MacGrath made her Broadway debut in 1948 in the play Edward, My Son (1948); she reprised her role (which she also had in the play's London production) in the film adaptation the following year. In 1951 she collaborated with Kaufman and Heywood Hale Broun on the writing of The Small Hours, which closed after 20 performances. The following year she and her husband scripted the even less successful Fancy Meeting You Again (in which she starred), which ran for only 8 performances. The couple finally achieved a hit in 1955 with Silk Stockings, the Cole Porter musical for which they co-wrote the book with Abe Burrows. She returned to acting for Tiger at the Gates and The Potting Shed.
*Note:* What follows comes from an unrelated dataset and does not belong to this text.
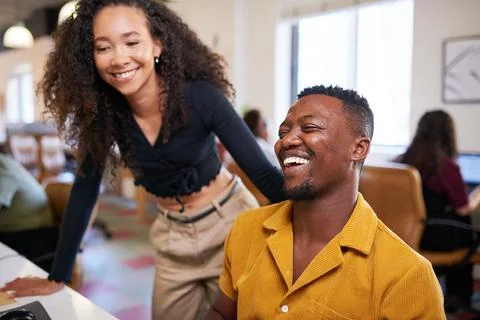 A Black man laughs while his coworker looks over his shoulder at his screen Stock Photos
Having settled in the United States following her marriage to Kaufman, MacGrath appeared in a number of American anthology television series popular in the 1950s, including The Philco Television Playhouse, Studio One, Lux Video Theatre, The United States Steel Hour, The Alcoa Hour, and Hallmark Hall of Fame.
Personal life
MacGrath married Kaufman on May 26, 1949, at Kaufman's home in Bucks County, Pennsylvania. She returned to the United Kingdom following her divorce from Kaufman.
She was married five times. In addition to Kaufman, her husbands were Christopher Burn, Desmond Davis, Mr. Kaufman, Stephen Goodyear, and Stephen Quinto.
Death
On 27 March, 1992, MacGrath died of complications from a stroke at her home in London at the age of 77. She was survived by a sister and a stepdaughter.